Postulados teóricos de Ranke:
1ª regra: incumbe ao historiador não julgar o passado nem instruir os seus contemporâneos mas simplesmente dar conta do que realmente se passou;
2ª regra: não há nenhuma interdependência entre o sujeito conhecedor - o historiador - e o objeto do conhecimento - o fato histórico. Por hipótese o historiador escapa a qualquer condicionamento social, o que lhe permite ser imparcial na percepção dos acontecimentos;
3ª regra: a história - o conjunto da res gestae - existe em si objetivamente; tem mesmo uma dada forma uma estrutura definida, que é diretamente acessível ao conhecimento;
4ª regra: a relação cognitiva é conforme a um modelo mecanicista. O historiador registra o fato histórico de maneira passiva, como o espelho reflete a imagem de um objeto;
5ª regra: a tarefa do historiador consiste em reunir um número suficiente de dados, assente em documentos seguros, a partir destes fatos, e por si só, o registro histórico organiza-se e deixa-se interpretar. Qualquer reflexão teórica é inútil ou até mesmo prejudicial pois introduz elementos de especulação. Segundo Von Ranke, a ciência positiva pode atingir a objetividade e conhecer a verdade da história”(p.114)
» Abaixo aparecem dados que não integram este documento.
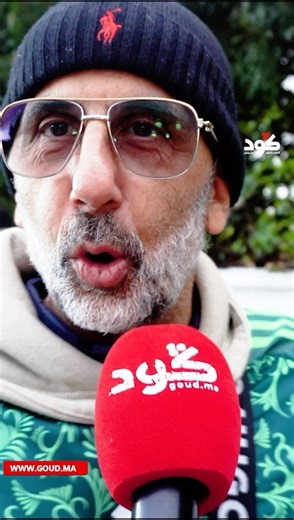 GOUD on Instagram‎: "جزائري لـ"كود": المغاربة استقبلونا مزيان وحنا "خاوا خاوا""‎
Entre o projeto e sua execução existia uma nítida contradição, tanto pelo aspecto ideológico de suas práticas acadêmicas quanto pelo envolvimento direto do grupo na política da terceira república.

Os ataques à escola metódica partiram de três frentes:
A. Annales. Chamada pelos historiadores dos Annales de história historizante, a escola metódica era criticada em quatro pontos, a saber:
a) A história historizante só dá  atenção aos documentos escritos, aos testemunhos voluntários (decretos, cartas, relatórios, etc.), ao passo que os documentos não escritos,  ou os testemunhos involuntários (vestígios arqueológicos, séries estatísticas, etc.); informam igualmente sobre as atividades humanas.
b)A história historizante acentua o acontecimento, o fato singular, verificado num tempo curto, ao passo que é mais interessante apreender a vida das sociedades, a qual se desvenda por fatos vulgares, repetidos que se desenrolam num tempo longo;
c)A história historizante privilegia os fatos políticos, militares e diplomáticos e rejeita, erradamente, os fatos econômicos, sociais e culturais;
d)A história historizante receia empenhar-se num debate, arrisca raramente uma interpretação, renuncia previamente a qualquer síntese.
Limite da crítica dos Annales: não coloca a questão da objetividade em história; não nota a discordância, a incompatibilidade entre o voto de neutralidade científica e o preconceito político dos historiadores da escola metódica.
B. Presentismo e relativismo: atacam a questão da objetividade, destacando o total comprometimento do historiador com o presente e da total subjetividade da análise histórica. Do ponto de vista de um relativismo radical, a ciência histórica é impossível.
C. Materialismo histórico: realiza uma crítica tanto ao positivismo da escola metódica quanto ao subjetivismo radical do presentismo. do ponto de vista do materialismo histórico o conhecimento é produzido por um sujeito social, comprometido com sua classe e com o seu tempo. No entanto, tal conhecimento não é uma atividade abstrata, mas concreta, sustentada numa praxis resultado da atividade humana. A compreensão do processo histórico se dá de forma científica e objetiva levando em consideração todas as determinações sociais.

Bourdé, G. & Martin, H., As Escolas Históricas, Lisboa, Europa-América, 1983.
Cap. VI: “A Escola Metódica”, (97-118).